Les pays émergents ont renoué avec une croissance très soutenue. A l’inverse des pays avancés, ceux qui ont connu une récession en 2009 ont tous retrouvé, début 2010, leur niveau d’activité pré-crise. Pour nombre d’entre eux, la lutte contre les tensions inflationnistes est devenue la priorité. En Chine, par exemple, où l’inflation atteint 4,4%, où l’augmentation des prix alimentaires dépasse les 10% et où de fortes tensions se développent sur les prix de l’immobilier, les autorités procèdent à des relèvements des coefficients de réserves obligatoires et à des hausses de taux d’intérêt.

L’activité économique mondiale est soutenue, le FMI attend une croissance du PIB de 4,8% en 2010 et de 4,2% en 2011, après une contraction de 0,6% en 2009.

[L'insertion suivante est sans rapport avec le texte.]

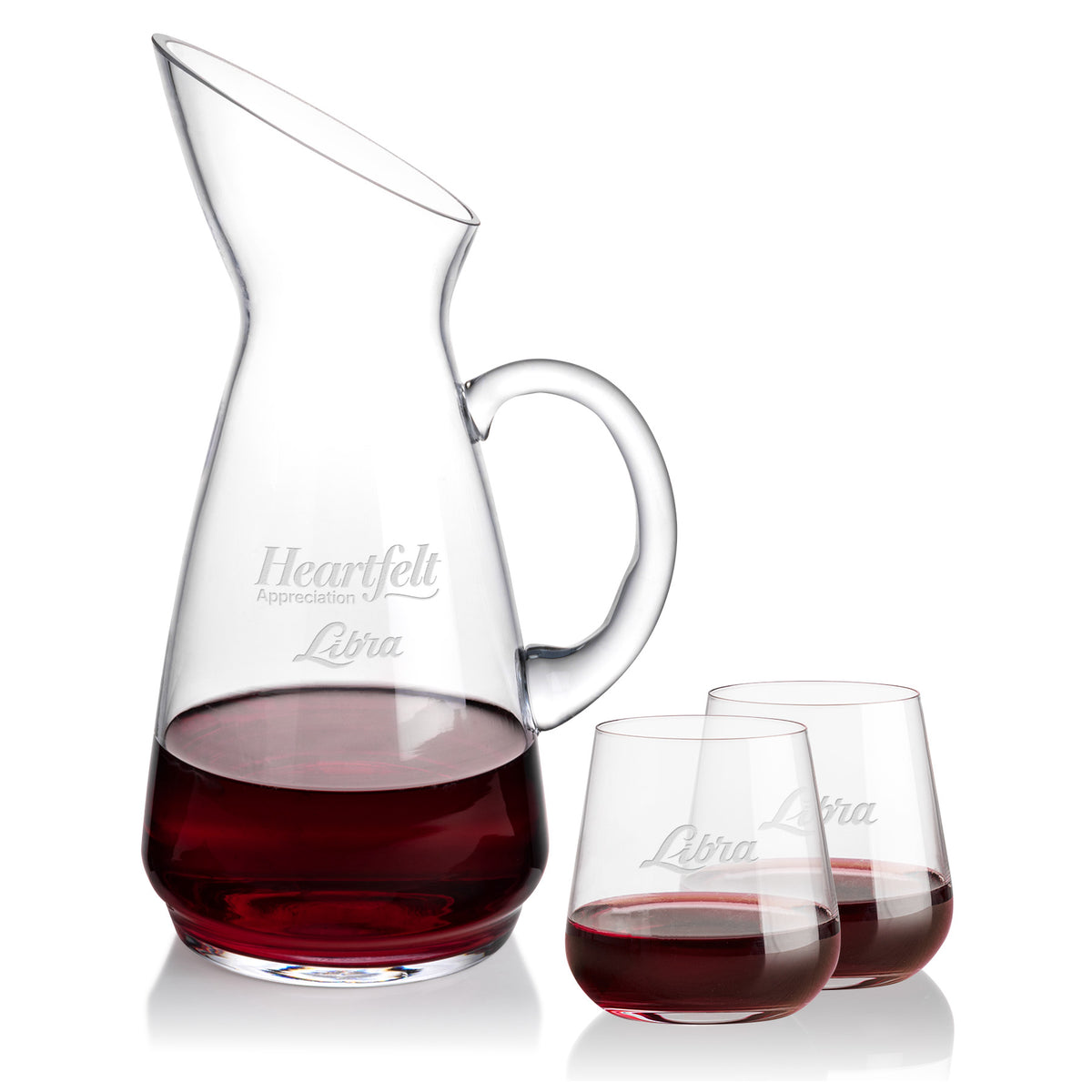 Custom Logo Taroni Carafe & Howden Stemless Wine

La croissance attendue dans les pays avancés ressort à 2,2% en 2011 après 2,7% en 2010, et un repli de 3,2% en 2009. Le rythme de la reprise est affecté dans certains pays, au premier rang desquels les Etats-Unis, par une correction des excès d’endettement privés qui n’est pas encore arrivée à son terme et, dans la plupart des pays d’Europe, par la mise en œuvre de mesures destinées à consolider les finances publiques.

Les pays émergents, affectés en 2009 par la contraction du commerce mondial et par les effets de la montée de l’aversion au risque sur les mouvements de capitaux, bénéficient aujourd’hui à plein du redressement des échanges (+11,4% après -11% en 2009). Leur croissance est attendue à 7,1% en 2010 et 6,4% en 2011, contre 2,5% en 2009. Leur situation budgétaire, avec un déficit moyen de 3,7% en 2010, tranche nettement avec celle des pays avancés (8%).

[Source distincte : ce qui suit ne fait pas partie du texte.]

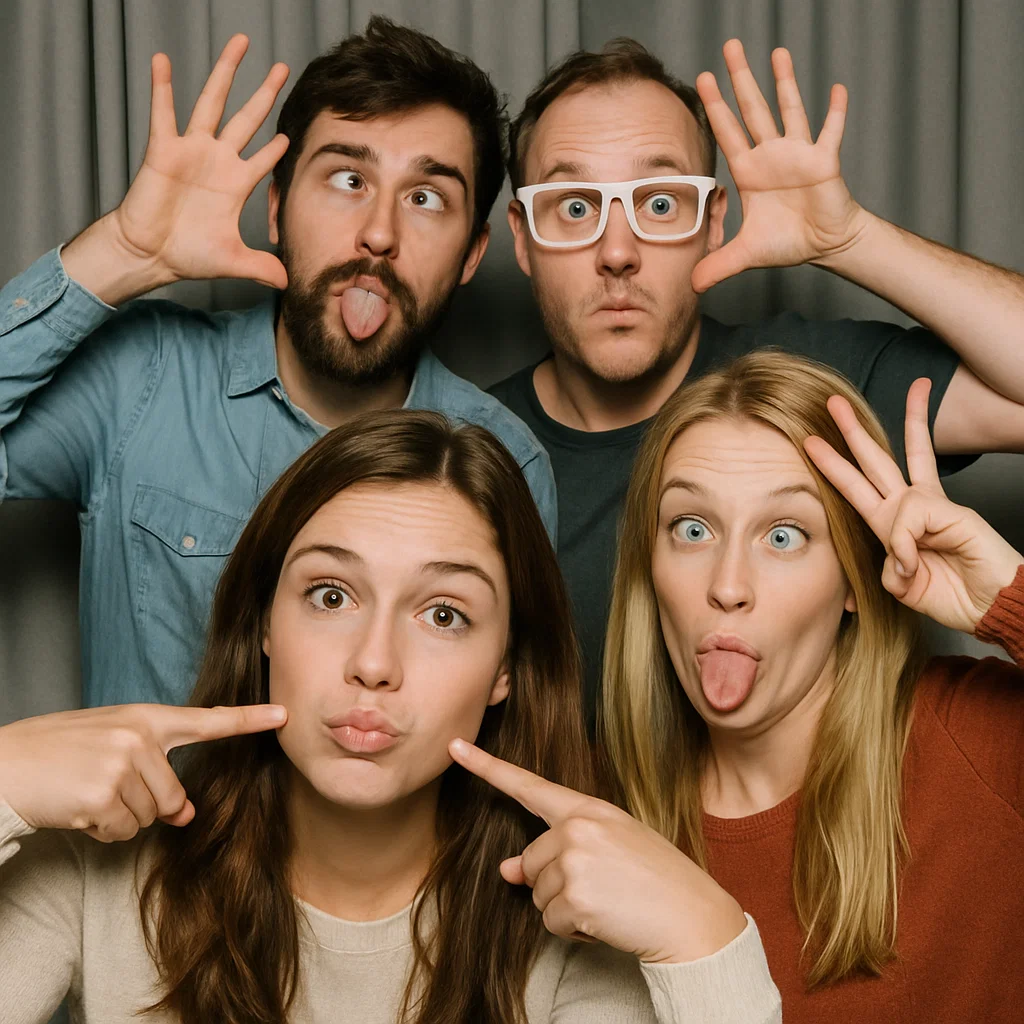 Guests strike funny faces in casino night photo booth rental by Party Pros East Coast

Cette situation financière favorable s’ajoute aux performances de croissance et à l’abondance de liquidité dans les pays avancés (le « quantitative easing ») pour stimuler les entrées de capitaux. Les flux nets entrants dans les pays émergents, passés d’un record de USD 696 milliards en 2007 à USD 184,4 milliards en 2008, devraient atteindre environ USD 340 milliards en 2010, montant qui dépasse déjà nettement la moyenne de la première moitié des années 2000. Cela n’a pas manqué d’entraîner des pressions haussières sur les monnaies des pays émergents et de comprimer les rendements obligataires devenus en moyenne bien inférieurs à ceux des pays périphériques de la zone euro. Les entrées de capitaux et les excédents courants, joints à des politiques visant à freiner ou empêcher l’appréciation des monnaies, conduisent à de nouvelles hausses des réserves officielles dans les paysémergents (+12,2% attendus en 2010 à USD 6194,4 milliards). Cela alimente la liquidité et par là, également, la hausse des prix d’actifs. La résorption des déséquilibres mondiaux de paiements, qui avaient accompagné la récession, avec notamment un déficit courant américain passé de 6% du PIB en 2006 à 2,7% en 2009, apparaît désormais terminée.

Dans un contexte marqué par l’abondance d’épargne au plan mondial (21,8% du PIB en 2009, 23% en 2010, 23,8% en 2011 selon les projections du FMI), par la persistance d’un taux de chômage élevé (5,4% avant la récession, 8% en 2009, 8,3% en 2010) qui pèse sur les salaires et contribue au recul des coûts unitaires du travail (progressant de 0,2% en 2007 mais de 5,8% en 2009, ils se replient de 3,6% en 2010), et par le maintien d’output gap négatifs (-5,1% en 2009, -3,6 en 2010 et -2,6% en 2011 selon l’OCDE), le risque inflationniste paraît très éloigné. La hausse des prix est attendue à 1,1% en 2010 et à 1,3% en 2011 dans les pays avancés.